The real kicker for me is people who assume that being raped somehow “made” me trans. Any time I disclose either my history of abuse or my gender status I open myself up to ugly attacks. When I disclose both at once, my chances of being ridiculed and misunderstood are squared. Two close male family members have confronted me to ask whether my “gender trouble” was caused by the assault. So did a certain well-known sex educator who frankly should have known better.

I’m not sure how this psycho-sexual theory of transsexualism even makes sense. I would love to hear the logic behind it. Do these people believe that I “chose to become a man” because I “hate men?” Or that I wanted to be more like my perpetrator and less like a victim? Do they think I am trying to avoid male aggression? If the last, I would love for them to explain to me how being a twinkish gay bottom places me drastically higher on the sexual food chain. (It doesn’t.)

[Emphasis supplied.]

This guy has a right to his identity, and his history. People who try to impose on him some sort of causation between his rape and his transition are not helping him. They are serving their own needs, telling a story that makes their world make sense to them. Asher Bauer’s world makes sense to him, and when he explains what happened, they ought to listen, and accept that he has access to better information about himself and his experiences than they do.

(To my way of thinking, this is a cornerstone of kyriachy — folks in advantaged groups get positioned as “normal”, and get used to sitting in their “normal” perch and imposing their own interpretation on the narratives of the less-“normal” people’s experiences. He was there. Nobody has objective, Archimedean access to the big-T Truth, and his own account is the best-informed. All of which is an overly wordy note on subjectivity. People have it; when we deny it to people, we’re not treating them like people.)

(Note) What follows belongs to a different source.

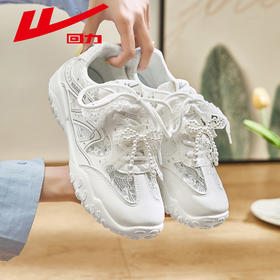 回力女鞋芭蕾德训鞋夏季薄底网面透气银色月牙珍珠蕾丝小众运动鞋WXY(S)-5290L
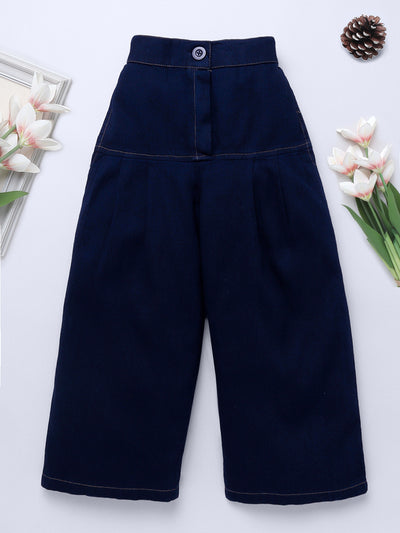 Girls Denim Pleated Jeans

Bauer describes himself as a fixture in the San Francisco BDSM community. He doesn’t say specifically how the BDSM community is better, or worse, or both by turns, as a space for him to work through his history. I’d love it if I thought we were always good at it, but we’re not, and no other community is, because there are no chosen people.

There’s no analysis I can bring which adds much to the power of his own account. But I know for sure that he’s not the first man to have to deal with a sexual assault that happened either before transitioning, or while presenting as a woman. If all I can do is draw more eyeballs to his account, I’m good with that.